The Commission should consider the signal that granting such broad limitations on liability would send to such important entities in a restructured electric market. The Commission is counting on the Applicants and MISO TOs to efficiently and reliably operate the transmission system and administer the wholesale market. The Commission should not send the signal that the entities that own and operate the transmission system will only be liable for minimal damages unless they provide such a low standard of care to the market as gross negligence or intentional misconduct.

Moreover such a signal is inconsistent with the Midwest ISO and the TOs’ approach to maintaining reliability operations of the grid. Under the rubric of maintaining reliable operations, the Midwest ISO and the TOs have sought the broadest amount of operational authority, such as the ability to dispatch generation, in the Operating Protocols for Existing Generators. Yet, in this filing, the Midwest ISO and its TOs seek to limit their responsibility for the actions they might take, under the broad authority they themselves sought. For example in Docket No. ER02-1767-000, the MISO seeks the authority to redispatch generation as a congestion management tool, arguing that such authority is necessary to protect reliability. In that proceeding, numerous parties have argued that the MISO does not have the technology to solicit bids for redispatch. Yet, the Midwest ISO seeks to limit its liability for the actions it takes, actions that participants in ER02-1767-000 are arguing the Midwest ISO is not yet properly equipped to take. That is not appropriate.

In addition, the current structure of the Midwest ISO vis-a-vis its Member TOs lends itself to increased opportunities for negligent actions and thus damages from those actions. Currently, the Members TOs continue to physically control their transmission systems, while the Midwest ISO issues operating instructions. This lack of central control, such as currently exists in PJM, results in an increased level of communication and thus an increased opportunity for such communication to be transmitted negligently. Despite this structure, the Applicants seeks to limit its liability in the event that the Midwest ISO transmits or the Member TOs receive, such communication in a negligent fashion.

4. The Limitations On Liability Proposed Should Not Abrogate Any Liability Provisions Of Existing Interconnection Agreements.

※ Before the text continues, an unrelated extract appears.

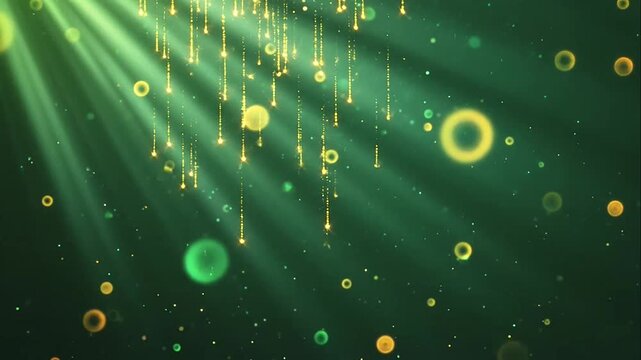 Abstract green background with golden light rays and sparkling bokeh particles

The Commission should clarify that any limitations approved herein will not abrogate or nullify any liability provisions contained in existing interconnection agreements. Such provisions were the result of hard fought negotiations between the parties and the parties’ expectations as to the risk of possible damages. The Commission should not modify that expectation in a tariff filing subsequently made by the Applicants and its member companies. As such, in acting on this filing the Commission should clarify that the nothing herein abrogates or otherwise nullifies any limitations previously negotiated by the generators and TOs and approved by the Commission.